> [TASK STATEMENT]: What is needed is an exact copy of the lines from the one containing "this 950×496 image." through the last line of the entries below, both included.

Items listed in a dataset
-.-.-
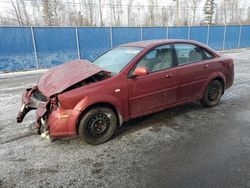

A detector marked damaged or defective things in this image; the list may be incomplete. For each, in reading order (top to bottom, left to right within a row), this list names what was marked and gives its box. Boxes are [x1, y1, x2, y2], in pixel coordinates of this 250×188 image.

crumpled hood [38, 59, 102, 97]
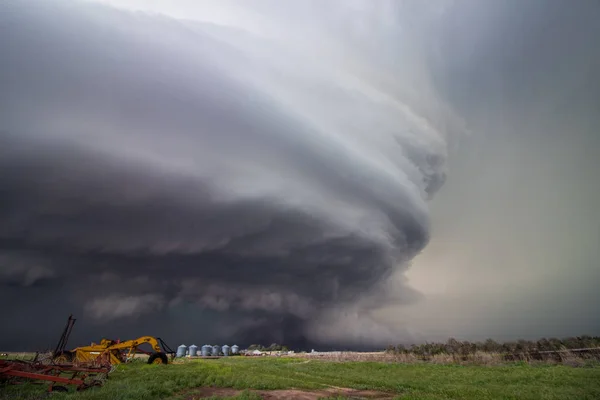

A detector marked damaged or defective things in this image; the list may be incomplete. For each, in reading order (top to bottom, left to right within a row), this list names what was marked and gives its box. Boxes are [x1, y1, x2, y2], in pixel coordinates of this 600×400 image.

rusty farm equipment [52, 314, 176, 368]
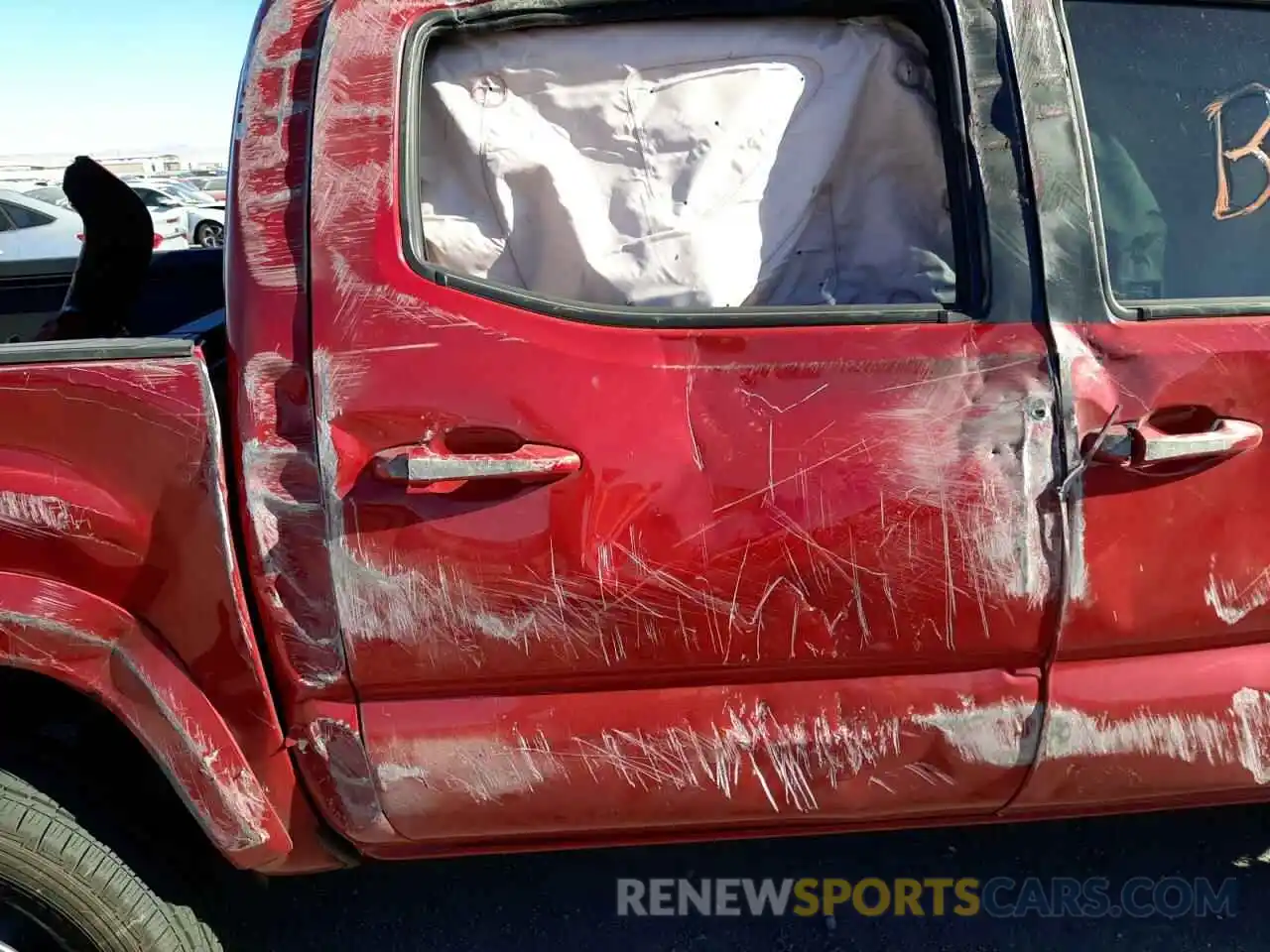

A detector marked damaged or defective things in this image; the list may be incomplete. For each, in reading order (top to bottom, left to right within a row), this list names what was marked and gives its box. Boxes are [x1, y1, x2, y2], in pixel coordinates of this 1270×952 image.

damaged red door [302, 0, 1056, 853]
dented door panel [360, 664, 1041, 848]
damaged red door [1005, 0, 1270, 822]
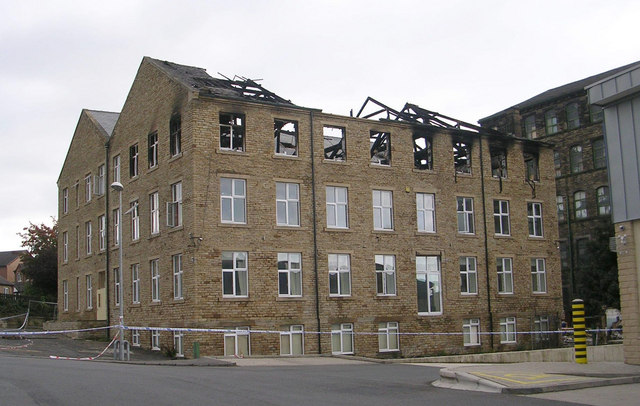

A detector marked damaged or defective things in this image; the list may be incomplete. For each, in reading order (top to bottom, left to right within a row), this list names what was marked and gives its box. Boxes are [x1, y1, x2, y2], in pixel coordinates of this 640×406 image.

burnt window opening [220, 112, 245, 151]
burnt window opening [272, 119, 298, 155]
burnt window opening [324, 126, 344, 161]
burnt window opening [370, 130, 390, 165]
burnt window opening [412, 132, 432, 170]
burnt window opening [452, 140, 472, 174]
burnt window opening [492, 146, 508, 178]
burnt window opening [524, 150, 540, 182]
fire-damaged building [57, 56, 564, 356]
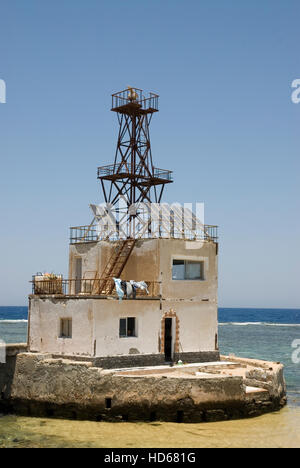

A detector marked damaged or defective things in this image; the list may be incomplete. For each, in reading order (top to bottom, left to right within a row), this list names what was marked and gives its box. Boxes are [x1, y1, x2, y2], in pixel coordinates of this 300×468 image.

rusty metal tower [98, 87, 173, 210]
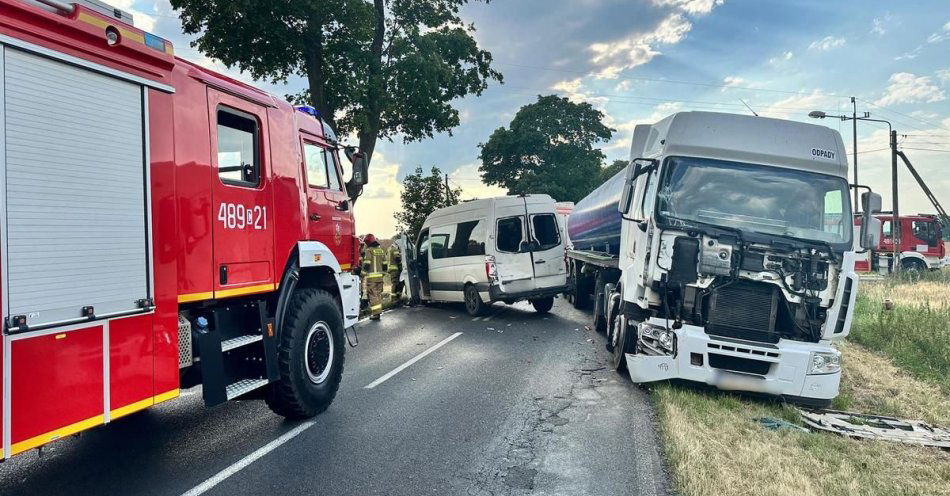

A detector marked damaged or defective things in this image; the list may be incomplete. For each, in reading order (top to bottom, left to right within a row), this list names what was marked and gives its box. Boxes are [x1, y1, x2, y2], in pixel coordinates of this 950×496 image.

damaged white van [406, 196, 568, 316]
damaged truck front [564, 111, 884, 406]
-.-.-
> [OUTPUT FOR THIS EXERCISE]:
A detector marked damaged or defective things in this image; the list may be incomplete. For each, in reading order (top to bottom, left to right within a row), this list names what was marked and gives its box. Boxes are [x1, y1, x2, y2], in pixel coordinates of this 950×496 image.

damaged white van [406, 196, 568, 316]
damaged truck front [564, 111, 884, 406]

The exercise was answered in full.